Spark源碼-Executor 源碼解析

Executor 源碼解析

Executor 是幹嘛的

處理任務的執行器，是一個JVM進程，是一個以線程池實現的運行 Task 的進程。看一下官網和代碼註釋對 Executor 的說明

官網介紹

A process launched for an application on a worker node, that runs tasks and keeps data in memory or disk storage across them. Each application has its own executors.

Executor 代碼註釋：Spark執行器，由線程池支持以運行任務。可以與Mesos、YARN和 standalone 調度程序一起使用。內部RPC接口可以與驅動程序通信，但不支持 Mesos細粒度模式

Spark executor, backed by a threadpool to run tasks.
This can be used with Mesos, YARN, and the standalone scheduler.
An internal RPC interface is used for communication with the driver,except in the case of Mesos fine-grained mode.

Executor

主要調用棧

CoarseGrainedExecutorBackend

CoarseGrainedExecutorBackend#receive() :由 LaunchTask 類型的消息觸發，以及 KillTask 類型的消息觸發

  override def receive: PartialFunction[Any, Unit] = {
    case LaunchTask(data) =>
      if (executor == null) {
        exitExecutor(1, "Received LaunchTask command but executor was null")
      } else {
        val taskDesc = TaskDescription.decode(data.value)
        logInfo("Got assigned task " + taskDesc.taskId)
        executor.launchTask(this, taskDesc)
      }

    case KillTask(taskId, _, interruptThread, reason) =>
      if (executor == null) {
        exitExecutor(1, "Received KillTask command but executor was null")
      } else {
        executor.killTask(taskId, interruptThread, reason)
      }
  }

LocalEndpoint

LocalEndpoint#receive ：由 KillTask 類型的消息觸發

    case KillTask(taskId, interruptThread, reason) =>
         executor.killTask(taskId, interruptThread, reason)

LocalEndpoint#receiveAndReply : 由 StopExecutor 類型的消息觸發

  override def receiveAndReply(context: RpcCallContext): PartialFunction[Any, Unit] = {
    case StopExecutor =>
      executor.stop()
      context.reply(true)
  }

LocalEndpoint#reviveOffers

  def reviveOffers() {
    val offers = IndexedSeq(new WorkerOffer(localExecutorId, localExecutorHostname, freeCores,
      Some(rpcEnv.address.hostPort)))
    for (task <- scheduler.resourceOffers(offers).flatten) {
      freeCores -= scheduler.CPUS_PER_TASK
      executor.launchTask(executorBackend, task)
    }
  }

關鍵函數說明

launchTask ：啓動 Task ,通過線程池 threadPool 調度 TaskRunner，執行 TaskRunner#run()

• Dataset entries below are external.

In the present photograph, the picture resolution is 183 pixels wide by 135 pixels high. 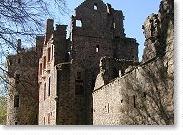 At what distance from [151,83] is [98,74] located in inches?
319

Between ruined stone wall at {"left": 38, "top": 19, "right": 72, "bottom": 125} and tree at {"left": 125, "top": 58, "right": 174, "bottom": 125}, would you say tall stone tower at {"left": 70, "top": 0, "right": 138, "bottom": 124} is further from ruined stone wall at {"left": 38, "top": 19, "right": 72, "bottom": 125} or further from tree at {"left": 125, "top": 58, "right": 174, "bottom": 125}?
tree at {"left": 125, "top": 58, "right": 174, "bottom": 125}

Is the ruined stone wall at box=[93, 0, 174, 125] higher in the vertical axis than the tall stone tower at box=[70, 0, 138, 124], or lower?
lower

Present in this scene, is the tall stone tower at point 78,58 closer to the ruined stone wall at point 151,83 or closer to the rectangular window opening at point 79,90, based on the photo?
the rectangular window opening at point 79,90

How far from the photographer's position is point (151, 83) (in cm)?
1338

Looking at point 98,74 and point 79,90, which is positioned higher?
point 98,74

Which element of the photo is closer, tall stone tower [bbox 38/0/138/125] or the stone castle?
the stone castle

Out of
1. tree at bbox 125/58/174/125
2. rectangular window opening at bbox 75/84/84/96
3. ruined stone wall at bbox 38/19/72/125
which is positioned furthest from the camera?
rectangular window opening at bbox 75/84/84/96

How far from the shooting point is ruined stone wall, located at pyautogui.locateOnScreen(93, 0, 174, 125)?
36.0 ft

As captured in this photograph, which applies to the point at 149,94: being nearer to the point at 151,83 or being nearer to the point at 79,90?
the point at 151,83

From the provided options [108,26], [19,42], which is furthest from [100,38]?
[19,42]

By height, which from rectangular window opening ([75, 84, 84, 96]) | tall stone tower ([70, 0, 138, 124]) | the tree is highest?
tall stone tower ([70, 0, 138, 124])

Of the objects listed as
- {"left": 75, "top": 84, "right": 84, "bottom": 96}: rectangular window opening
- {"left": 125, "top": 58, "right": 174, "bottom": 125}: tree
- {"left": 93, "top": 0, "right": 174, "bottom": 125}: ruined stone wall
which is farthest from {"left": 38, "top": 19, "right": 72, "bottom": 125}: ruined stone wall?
{"left": 125, "top": 58, "right": 174, "bottom": 125}: tree

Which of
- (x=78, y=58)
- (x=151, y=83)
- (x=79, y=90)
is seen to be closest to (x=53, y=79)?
(x=79, y=90)

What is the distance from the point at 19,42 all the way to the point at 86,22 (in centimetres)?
1953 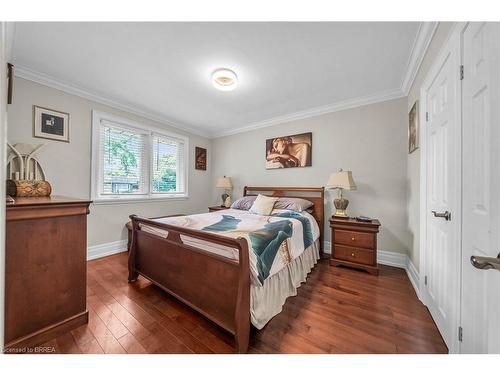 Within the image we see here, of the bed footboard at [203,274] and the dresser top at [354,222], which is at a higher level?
the dresser top at [354,222]

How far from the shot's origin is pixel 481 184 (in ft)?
3.08

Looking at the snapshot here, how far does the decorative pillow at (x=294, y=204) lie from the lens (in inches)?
116

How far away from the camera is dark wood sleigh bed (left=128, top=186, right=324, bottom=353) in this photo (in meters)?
1.28

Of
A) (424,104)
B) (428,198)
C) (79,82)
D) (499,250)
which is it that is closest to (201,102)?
(79,82)

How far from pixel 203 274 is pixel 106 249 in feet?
7.80

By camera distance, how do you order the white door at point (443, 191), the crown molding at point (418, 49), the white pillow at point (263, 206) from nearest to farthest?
the white door at point (443, 191)
the crown molding at point (418, 49)
the white pillow at point (263, 206)

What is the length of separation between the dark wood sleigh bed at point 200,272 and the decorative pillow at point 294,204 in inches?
68.8

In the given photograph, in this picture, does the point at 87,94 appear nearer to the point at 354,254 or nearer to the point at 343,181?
the point at 343,181

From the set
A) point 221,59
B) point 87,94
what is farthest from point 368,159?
point 87,94

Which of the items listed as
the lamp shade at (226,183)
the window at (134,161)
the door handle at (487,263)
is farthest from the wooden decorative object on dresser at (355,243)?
the window at (134,161)

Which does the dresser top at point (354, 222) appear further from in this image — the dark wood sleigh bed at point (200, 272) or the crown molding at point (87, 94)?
the crown molding at point (87, 94)

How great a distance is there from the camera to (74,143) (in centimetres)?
271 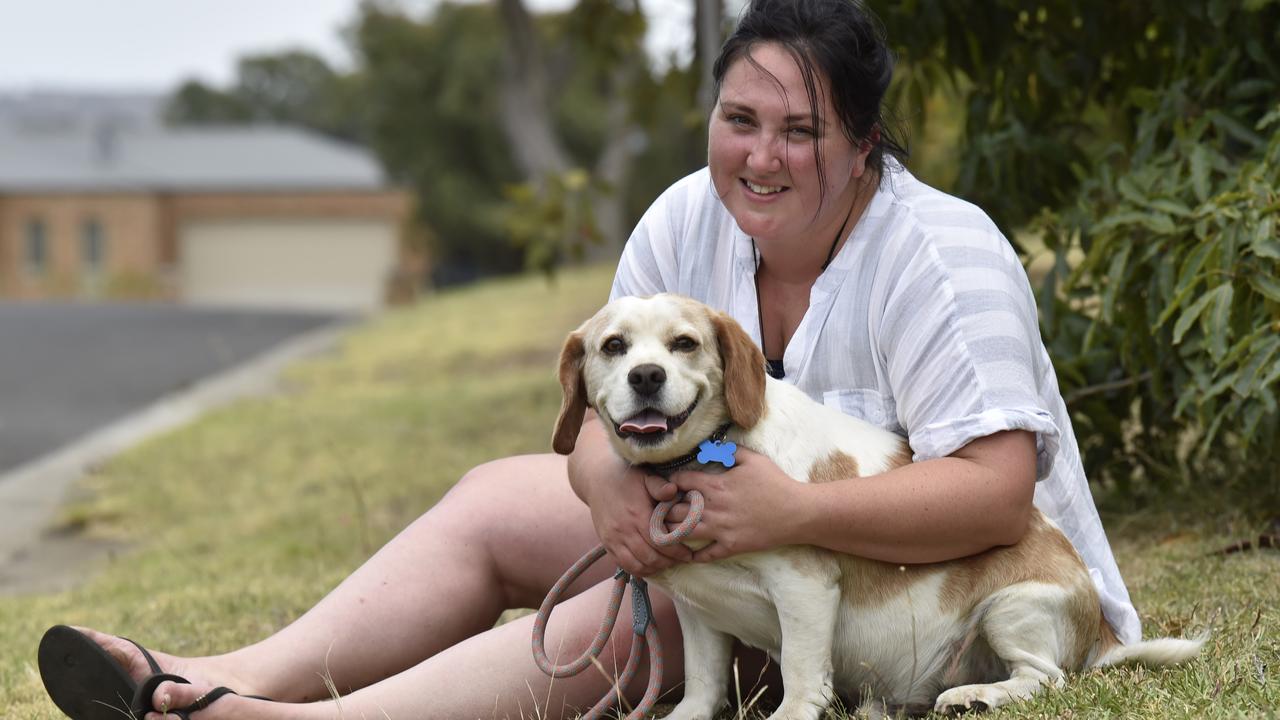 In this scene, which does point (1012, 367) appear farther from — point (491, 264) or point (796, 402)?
point (491, 264)

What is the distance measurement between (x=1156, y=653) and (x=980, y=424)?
24.8 inches

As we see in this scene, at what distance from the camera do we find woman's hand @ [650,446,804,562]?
2.53 meters

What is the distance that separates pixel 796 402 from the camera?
2.73m

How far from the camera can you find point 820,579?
2.61 metres

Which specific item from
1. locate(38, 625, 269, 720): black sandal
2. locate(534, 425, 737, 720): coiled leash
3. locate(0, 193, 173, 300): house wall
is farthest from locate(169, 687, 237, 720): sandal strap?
locate(0, 193, 173, 300): house wall

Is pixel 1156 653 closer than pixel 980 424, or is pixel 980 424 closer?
pixel 980 424

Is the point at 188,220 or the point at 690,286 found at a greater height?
the point at 690,286

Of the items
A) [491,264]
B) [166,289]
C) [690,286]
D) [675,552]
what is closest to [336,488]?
[690,286]

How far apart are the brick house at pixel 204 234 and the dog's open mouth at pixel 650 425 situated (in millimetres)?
40514

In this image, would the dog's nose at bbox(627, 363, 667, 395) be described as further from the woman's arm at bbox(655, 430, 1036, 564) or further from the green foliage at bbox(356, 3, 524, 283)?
the green foliage at bbox(356, 3, 524, 283)

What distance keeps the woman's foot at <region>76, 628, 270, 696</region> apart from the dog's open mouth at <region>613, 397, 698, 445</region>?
98 centimetres

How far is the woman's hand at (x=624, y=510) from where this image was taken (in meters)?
2.64

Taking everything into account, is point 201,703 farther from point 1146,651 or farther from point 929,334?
point 1146,651

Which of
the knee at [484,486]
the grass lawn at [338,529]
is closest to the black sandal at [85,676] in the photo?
the grass lawn at [338,529] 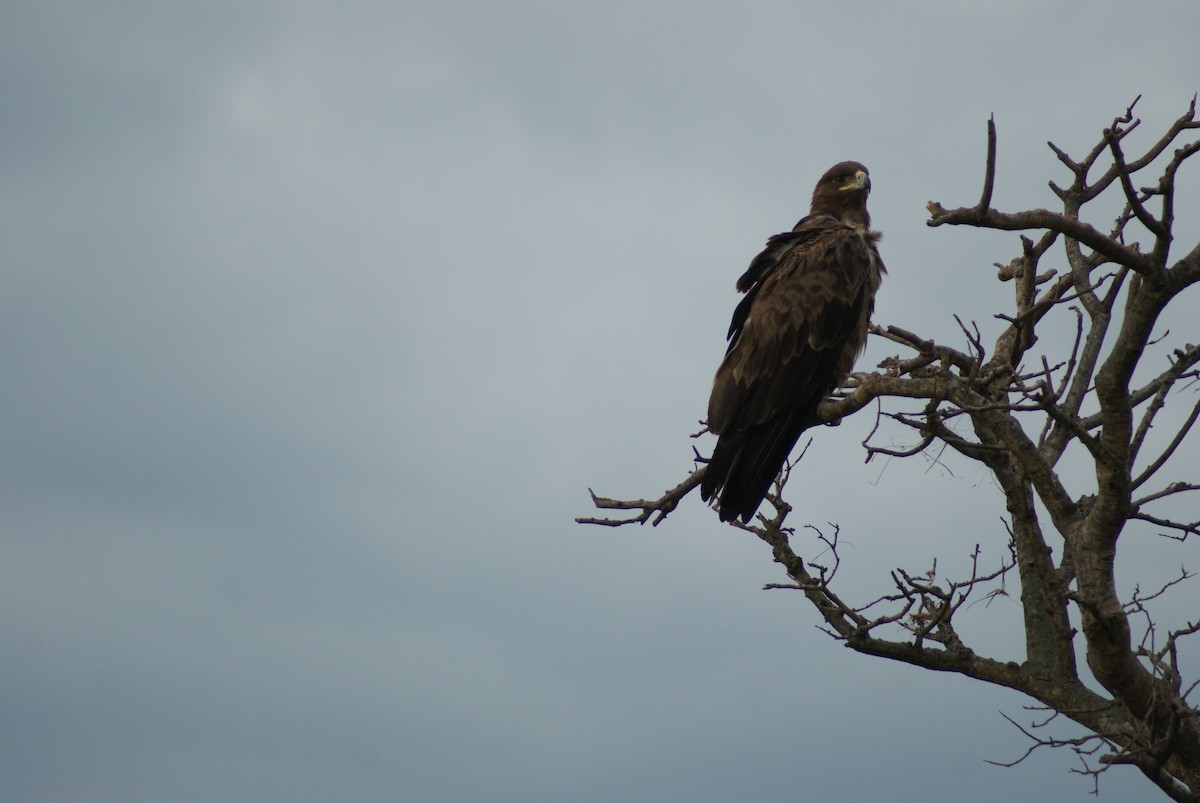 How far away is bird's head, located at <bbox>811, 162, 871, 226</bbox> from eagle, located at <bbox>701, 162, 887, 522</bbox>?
13.7 inches

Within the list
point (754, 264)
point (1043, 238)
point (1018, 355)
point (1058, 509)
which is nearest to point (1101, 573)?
point (1058, 509)

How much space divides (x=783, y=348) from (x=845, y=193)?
1857 millimetres

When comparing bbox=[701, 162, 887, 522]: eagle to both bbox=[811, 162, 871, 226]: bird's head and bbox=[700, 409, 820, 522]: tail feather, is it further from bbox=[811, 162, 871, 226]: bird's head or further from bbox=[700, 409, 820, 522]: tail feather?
bbox=[811, 162, 871, 226]: bird's head

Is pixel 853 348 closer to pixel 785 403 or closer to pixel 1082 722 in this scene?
pixel 785 403

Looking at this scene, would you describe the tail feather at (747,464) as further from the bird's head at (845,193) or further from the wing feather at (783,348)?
the bird's head at (845,193)

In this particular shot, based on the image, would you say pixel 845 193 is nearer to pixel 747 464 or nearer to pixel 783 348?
pixel 783 348

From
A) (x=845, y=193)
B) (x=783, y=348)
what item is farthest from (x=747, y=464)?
(x=845, y=193)

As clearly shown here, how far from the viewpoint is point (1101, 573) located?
5.93 m

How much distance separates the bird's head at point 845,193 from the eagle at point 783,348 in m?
0.35

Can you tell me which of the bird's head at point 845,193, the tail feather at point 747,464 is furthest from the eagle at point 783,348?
the bird's head at point 845,193

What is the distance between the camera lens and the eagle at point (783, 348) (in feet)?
22.4

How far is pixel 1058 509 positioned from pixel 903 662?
4.10ft

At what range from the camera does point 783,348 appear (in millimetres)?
7281

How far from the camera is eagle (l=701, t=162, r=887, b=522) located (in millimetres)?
6832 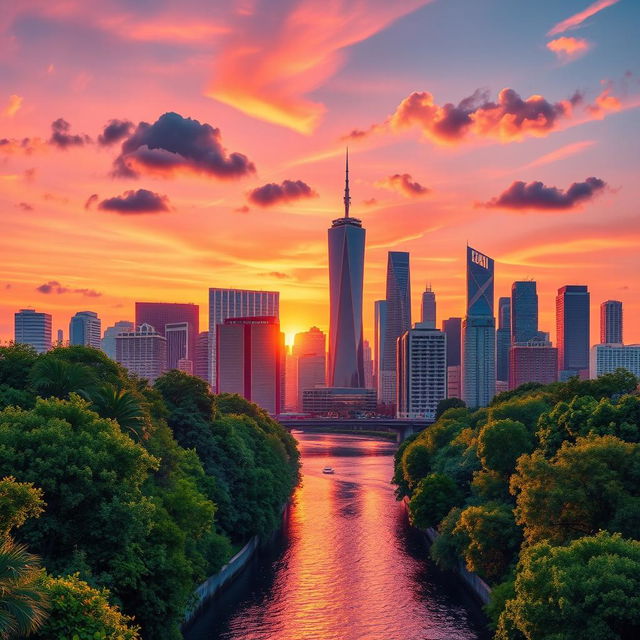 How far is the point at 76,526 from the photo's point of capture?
136 ft

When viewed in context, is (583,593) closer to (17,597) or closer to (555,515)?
(555,515)

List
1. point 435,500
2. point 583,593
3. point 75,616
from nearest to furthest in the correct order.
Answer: point 75,616, point 583,593, point 435,500

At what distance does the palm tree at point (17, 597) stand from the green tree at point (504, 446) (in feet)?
175

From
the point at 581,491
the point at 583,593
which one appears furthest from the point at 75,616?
the point at 581,491

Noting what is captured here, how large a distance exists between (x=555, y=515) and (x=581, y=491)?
242 cm

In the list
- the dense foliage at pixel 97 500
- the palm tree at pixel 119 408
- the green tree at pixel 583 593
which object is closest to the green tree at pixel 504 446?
the dense foliage at pixel 97 500

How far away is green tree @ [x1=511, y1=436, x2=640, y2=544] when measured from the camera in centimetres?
4994

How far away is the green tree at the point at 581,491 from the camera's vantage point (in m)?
49.9

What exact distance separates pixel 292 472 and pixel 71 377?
257ft

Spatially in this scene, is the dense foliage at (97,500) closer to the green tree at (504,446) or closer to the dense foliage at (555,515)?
the dense foliage at (555,515)

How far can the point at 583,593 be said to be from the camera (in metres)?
37.1

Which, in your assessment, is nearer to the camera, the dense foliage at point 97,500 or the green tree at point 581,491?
the dense foliage at point 97,500

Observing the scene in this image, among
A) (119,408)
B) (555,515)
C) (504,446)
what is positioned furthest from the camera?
(504,446)

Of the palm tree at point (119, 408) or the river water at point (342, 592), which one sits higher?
the palm tree at point (119, 408) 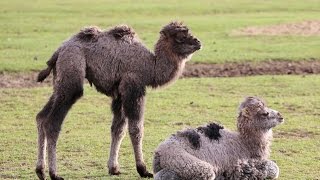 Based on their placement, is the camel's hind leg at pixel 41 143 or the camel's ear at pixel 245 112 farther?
the camel's hind leg at pixel 41 143

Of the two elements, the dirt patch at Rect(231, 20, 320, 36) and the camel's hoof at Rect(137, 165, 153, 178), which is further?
the dirt patch at Rect(231, 20, 320, 36)

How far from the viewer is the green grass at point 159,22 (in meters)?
21.7

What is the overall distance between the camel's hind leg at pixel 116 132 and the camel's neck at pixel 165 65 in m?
0.58

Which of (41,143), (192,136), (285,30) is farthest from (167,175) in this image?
(285,30)

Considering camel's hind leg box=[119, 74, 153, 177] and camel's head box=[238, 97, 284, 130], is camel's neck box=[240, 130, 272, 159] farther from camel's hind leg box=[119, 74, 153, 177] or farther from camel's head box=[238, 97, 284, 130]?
camel's hind leg box=[119, 74, 153, 177]

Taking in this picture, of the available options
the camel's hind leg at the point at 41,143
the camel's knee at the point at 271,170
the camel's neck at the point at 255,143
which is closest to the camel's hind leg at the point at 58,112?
the camel's hind leg at the point at 41,143

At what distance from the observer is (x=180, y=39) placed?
10.6 metres

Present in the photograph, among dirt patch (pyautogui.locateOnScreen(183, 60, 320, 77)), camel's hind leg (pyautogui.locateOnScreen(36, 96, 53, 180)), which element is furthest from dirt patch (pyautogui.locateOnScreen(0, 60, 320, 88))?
camel's hind leg (pyautogui.locateOnScreen(36, 96, 53, 180))

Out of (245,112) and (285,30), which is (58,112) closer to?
(245,112)

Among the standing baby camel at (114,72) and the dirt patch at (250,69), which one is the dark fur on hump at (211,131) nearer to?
the standing baby camel at (114,72)

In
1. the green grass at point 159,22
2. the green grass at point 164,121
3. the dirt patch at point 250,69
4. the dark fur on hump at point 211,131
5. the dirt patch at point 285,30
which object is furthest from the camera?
the dirt patch at point 285,30

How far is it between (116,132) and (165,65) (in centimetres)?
115

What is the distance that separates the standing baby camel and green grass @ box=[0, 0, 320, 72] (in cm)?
921

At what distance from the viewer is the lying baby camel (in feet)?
30.6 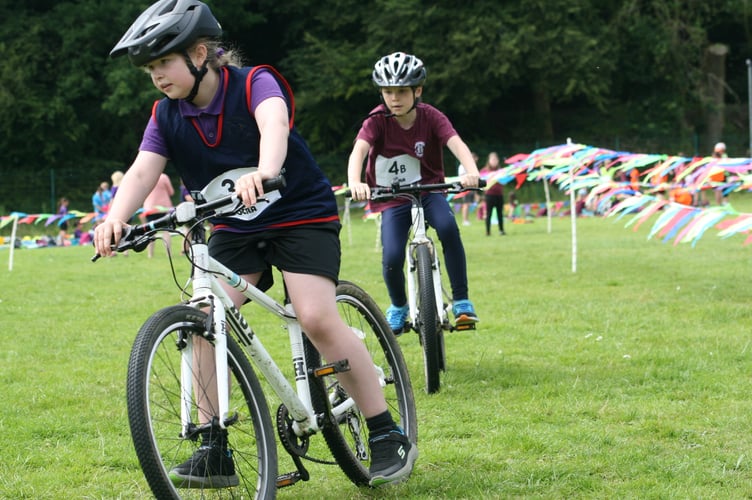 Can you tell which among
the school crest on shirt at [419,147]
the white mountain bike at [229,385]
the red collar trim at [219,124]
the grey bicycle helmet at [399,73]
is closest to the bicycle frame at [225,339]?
the white mountain bike at [229,385]

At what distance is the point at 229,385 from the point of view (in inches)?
134

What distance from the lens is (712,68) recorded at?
151ft

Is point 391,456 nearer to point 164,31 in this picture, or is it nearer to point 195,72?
point 195,72

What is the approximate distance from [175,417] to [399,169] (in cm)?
337

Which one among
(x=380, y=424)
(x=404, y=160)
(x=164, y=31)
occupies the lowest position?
(x=380, y=424)

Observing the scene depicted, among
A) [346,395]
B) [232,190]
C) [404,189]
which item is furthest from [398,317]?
[232,190]

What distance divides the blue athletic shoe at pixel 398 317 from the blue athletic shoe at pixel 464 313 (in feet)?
0.96

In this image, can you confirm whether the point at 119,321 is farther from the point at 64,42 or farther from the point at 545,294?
the point at 64,42

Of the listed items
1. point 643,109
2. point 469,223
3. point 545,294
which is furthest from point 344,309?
point 643,109

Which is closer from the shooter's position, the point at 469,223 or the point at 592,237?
the point at 592,237

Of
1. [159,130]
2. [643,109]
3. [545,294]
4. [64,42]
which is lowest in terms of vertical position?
[545,294]

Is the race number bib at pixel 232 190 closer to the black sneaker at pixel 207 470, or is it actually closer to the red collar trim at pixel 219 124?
the red collar trim at pixel 219 124

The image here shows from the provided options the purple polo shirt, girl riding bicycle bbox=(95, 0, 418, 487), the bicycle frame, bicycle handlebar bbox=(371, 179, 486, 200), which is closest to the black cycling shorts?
girl riding bicycle bbox=(95, 0, 418, 487)

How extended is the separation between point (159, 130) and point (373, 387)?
4.04ft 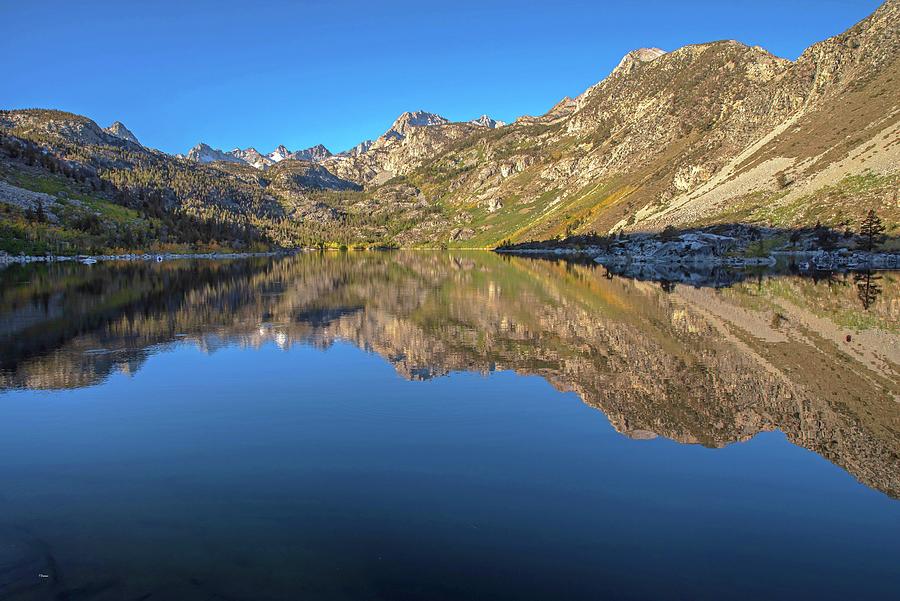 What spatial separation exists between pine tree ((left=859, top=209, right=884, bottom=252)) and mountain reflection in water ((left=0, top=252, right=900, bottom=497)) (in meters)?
53.9

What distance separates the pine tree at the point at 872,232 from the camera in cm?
→ 11427

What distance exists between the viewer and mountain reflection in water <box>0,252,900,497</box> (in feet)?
70.7

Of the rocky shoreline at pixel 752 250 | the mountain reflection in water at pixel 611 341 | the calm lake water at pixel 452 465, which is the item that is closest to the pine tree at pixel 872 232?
the rocky shoreline at pixel 752 250

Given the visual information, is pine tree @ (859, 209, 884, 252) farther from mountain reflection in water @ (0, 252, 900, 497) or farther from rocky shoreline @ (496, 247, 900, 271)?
mountain reflection in water @ (0, 252, 900, 497)

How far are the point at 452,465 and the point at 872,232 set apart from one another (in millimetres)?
130487

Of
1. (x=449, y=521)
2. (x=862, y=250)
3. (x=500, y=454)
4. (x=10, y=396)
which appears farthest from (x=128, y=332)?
(x=862, y=250)

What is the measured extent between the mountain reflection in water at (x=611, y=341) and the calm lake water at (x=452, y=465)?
9.5 inches

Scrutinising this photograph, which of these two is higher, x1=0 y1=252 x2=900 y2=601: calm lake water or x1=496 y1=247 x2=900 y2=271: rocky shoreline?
x1=496 y1=247 x2=900 y2=271: rocky shoreline

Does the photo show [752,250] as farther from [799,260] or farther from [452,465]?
[452,465]

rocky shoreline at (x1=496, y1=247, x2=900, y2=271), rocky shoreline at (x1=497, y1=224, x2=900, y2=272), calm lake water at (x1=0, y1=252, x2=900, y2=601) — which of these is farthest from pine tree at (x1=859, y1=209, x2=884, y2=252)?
calm lake water at (x1=0, y1=252, x2=900, y2=601)

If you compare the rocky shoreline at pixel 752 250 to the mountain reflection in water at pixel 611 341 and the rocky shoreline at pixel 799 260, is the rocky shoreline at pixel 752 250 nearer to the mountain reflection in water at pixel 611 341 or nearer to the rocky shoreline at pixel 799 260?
the rocky shoreline at pixel 799 260

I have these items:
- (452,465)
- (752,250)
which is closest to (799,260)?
(752,250)

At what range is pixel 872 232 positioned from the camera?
114 metres

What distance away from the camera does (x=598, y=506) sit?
14016 mm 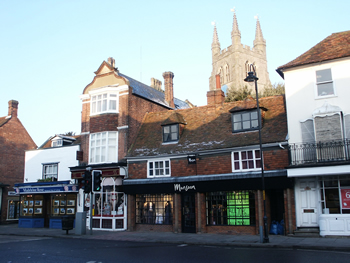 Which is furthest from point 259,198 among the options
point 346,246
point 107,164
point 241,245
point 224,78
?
point 224,78

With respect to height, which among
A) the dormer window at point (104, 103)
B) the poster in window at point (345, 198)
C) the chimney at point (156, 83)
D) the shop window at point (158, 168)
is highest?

  def launchTask(context: ExecutorBackend, taskDescription: TaskDescription): Unit = {
    val tr = new TaskRunner(context, taskDescription)
    runningTasks.put(taskDescription.taskId, tr)
    threadPool.execute(tr)
  }

killTask : 通過 taskReaperPool 調度TaskReaper#run() -> TaskRunner#kill 或直接調用 taskRunner#kill

  def killTask(taskId: Long, interruptThread: Boolean, reason: String): Unit = {
    val taskRunner = runningTasks.get(taskId)
    if (taskRunner != null) {
      if (taskReaperEnabled) {
        val maybeNewTaskReaper: Option[TaskReaper] = taskReaperForTask.synchronized {
          val shouldCreateReaper = taskReaperForTask.get(taskId) match {
            case None => true
            case Some(existingReaper) => interruptThread && !existingReaper.interruptThread
          }
          if (shouldCreateReaper) {
            val taskReaper = new TaskReaper(
              taskRunner, interruptThread = interruptThread, reason = reason)
            taskReaperForTask(taskId) = taskReaper
            Some(taskReaper)
          } else {
            None
          }
        }
        // Execute the TaskReaper from outside of the synchronized block.
        maybeNewTaskReaper.foreach(taskReaperPool.execute)
      } else {
        taskRunner.kill(interruptThread = interruptThread, reason = reason)
      }
    }
  }

startDriverHeartbeater :啓動心跳,調用 reportHeartBeat() 函數，在初始化的時候被調用

  /**
   * Schedules a task to report heartbeat and partial metrics for active tasks to driver.
   */
  private def startDriverHeartbeater(): Unit = {
    val intervalMs = HEARTBEAT_INTERVAL_MS

    // Wait a random interval so the heartbeats don't end up in sync
    val initialDelay = intervalMs + (math.random * intervalMs).asInstanceOf[Int]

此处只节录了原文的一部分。